Directions: Transcribe exactly the line containing "Commercial Restoration Tensed - Iowa" and every line after it, through the end of the records below.

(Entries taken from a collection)
------------

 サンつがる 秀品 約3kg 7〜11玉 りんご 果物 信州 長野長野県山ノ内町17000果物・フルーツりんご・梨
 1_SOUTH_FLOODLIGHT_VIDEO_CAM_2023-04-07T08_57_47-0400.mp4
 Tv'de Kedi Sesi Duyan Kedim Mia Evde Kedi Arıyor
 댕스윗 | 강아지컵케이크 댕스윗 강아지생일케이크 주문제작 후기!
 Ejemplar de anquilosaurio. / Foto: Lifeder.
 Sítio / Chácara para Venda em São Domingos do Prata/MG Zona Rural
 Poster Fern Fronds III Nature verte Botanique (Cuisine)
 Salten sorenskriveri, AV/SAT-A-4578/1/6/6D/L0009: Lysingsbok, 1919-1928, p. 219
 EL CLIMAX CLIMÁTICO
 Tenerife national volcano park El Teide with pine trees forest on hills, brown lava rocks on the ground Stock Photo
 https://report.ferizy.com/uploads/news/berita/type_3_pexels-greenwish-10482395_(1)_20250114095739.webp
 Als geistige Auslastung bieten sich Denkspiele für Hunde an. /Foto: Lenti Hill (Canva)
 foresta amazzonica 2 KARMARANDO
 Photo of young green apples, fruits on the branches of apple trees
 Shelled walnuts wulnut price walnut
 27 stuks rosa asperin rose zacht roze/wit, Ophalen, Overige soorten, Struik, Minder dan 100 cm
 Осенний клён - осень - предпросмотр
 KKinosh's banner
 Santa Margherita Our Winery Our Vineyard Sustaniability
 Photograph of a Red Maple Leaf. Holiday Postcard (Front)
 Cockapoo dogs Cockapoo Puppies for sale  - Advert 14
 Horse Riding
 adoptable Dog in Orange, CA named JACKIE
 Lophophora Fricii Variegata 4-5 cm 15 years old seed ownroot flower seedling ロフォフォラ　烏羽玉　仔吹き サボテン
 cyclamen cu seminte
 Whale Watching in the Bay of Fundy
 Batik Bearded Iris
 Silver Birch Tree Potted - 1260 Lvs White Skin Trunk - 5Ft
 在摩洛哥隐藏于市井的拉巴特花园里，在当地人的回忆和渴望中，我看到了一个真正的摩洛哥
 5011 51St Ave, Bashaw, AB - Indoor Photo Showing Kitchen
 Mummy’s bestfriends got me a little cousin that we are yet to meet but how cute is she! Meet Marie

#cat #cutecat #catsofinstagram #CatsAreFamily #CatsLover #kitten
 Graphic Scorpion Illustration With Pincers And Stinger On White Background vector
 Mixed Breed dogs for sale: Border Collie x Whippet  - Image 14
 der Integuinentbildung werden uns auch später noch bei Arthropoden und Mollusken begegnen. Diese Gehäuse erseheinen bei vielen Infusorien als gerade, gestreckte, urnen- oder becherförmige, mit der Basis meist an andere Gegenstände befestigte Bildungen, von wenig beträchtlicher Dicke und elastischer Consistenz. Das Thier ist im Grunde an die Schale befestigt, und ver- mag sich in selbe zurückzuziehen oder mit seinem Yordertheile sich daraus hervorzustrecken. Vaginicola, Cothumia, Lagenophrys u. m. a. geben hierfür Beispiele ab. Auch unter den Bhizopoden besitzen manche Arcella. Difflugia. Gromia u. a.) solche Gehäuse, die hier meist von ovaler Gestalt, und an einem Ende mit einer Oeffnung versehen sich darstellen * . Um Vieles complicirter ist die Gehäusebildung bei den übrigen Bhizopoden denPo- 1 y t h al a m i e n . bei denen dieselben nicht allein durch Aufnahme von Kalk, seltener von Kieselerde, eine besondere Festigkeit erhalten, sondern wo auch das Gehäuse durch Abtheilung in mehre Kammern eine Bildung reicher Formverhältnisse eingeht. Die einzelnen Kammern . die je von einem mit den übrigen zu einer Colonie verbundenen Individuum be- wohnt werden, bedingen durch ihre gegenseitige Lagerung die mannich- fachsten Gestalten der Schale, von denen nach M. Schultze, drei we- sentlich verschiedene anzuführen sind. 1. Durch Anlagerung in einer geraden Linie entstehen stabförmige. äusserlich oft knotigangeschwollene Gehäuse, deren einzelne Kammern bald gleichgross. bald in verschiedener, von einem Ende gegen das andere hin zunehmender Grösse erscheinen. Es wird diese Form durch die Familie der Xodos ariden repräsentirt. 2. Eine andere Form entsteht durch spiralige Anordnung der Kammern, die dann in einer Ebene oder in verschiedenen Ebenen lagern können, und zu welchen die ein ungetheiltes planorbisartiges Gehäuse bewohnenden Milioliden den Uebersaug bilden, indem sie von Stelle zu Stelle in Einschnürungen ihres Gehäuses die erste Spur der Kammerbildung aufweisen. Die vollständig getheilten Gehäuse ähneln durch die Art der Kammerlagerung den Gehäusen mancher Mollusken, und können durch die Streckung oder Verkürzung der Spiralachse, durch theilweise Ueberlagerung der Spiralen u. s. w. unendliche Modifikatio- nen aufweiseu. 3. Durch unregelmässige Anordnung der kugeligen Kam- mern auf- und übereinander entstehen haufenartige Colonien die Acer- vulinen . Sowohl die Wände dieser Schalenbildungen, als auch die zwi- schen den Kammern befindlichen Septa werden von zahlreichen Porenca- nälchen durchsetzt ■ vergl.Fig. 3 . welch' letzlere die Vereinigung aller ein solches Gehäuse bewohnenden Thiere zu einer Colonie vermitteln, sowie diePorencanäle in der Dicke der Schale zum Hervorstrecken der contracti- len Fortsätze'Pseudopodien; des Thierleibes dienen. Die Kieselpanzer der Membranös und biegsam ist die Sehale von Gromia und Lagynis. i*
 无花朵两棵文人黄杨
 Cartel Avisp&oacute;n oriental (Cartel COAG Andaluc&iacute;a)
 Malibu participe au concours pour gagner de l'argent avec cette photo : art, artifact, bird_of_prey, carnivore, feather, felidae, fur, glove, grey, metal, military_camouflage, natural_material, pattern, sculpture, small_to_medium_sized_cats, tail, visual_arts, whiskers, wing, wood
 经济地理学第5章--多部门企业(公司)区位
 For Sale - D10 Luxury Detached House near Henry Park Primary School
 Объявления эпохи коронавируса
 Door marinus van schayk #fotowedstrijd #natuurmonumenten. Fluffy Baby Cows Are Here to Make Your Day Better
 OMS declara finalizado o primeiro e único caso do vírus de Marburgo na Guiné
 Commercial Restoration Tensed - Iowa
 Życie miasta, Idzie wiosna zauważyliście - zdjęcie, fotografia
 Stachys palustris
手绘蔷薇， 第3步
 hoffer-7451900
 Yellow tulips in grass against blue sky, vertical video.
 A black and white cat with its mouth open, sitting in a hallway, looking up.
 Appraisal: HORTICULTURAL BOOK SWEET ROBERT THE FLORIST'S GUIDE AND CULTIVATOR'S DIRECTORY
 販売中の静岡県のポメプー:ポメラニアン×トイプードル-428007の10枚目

------------

Worked solution:
 Commercial Restoration Tensed - Iowa
 Życie miasta, Idzie wiosna zauważyliście - zdjęcie, fotografia
 Stachys palustris
手绘蔷薇， 第3步
 hoffer-7451900
 Yellow tulips in grass against blue sky, vertical video.
 A black and white cat with its mouth open, sitting in a hallway, looking up.
 Appraisal: HORTICULTURAL BOOK SWEET ROBERT THE FLORIST'S GUIDE AND CULTIVATOR'S DIRECTORY
 販売中の静岡県のポメプー:ポメラニアン×トイプードル-428007の10枚目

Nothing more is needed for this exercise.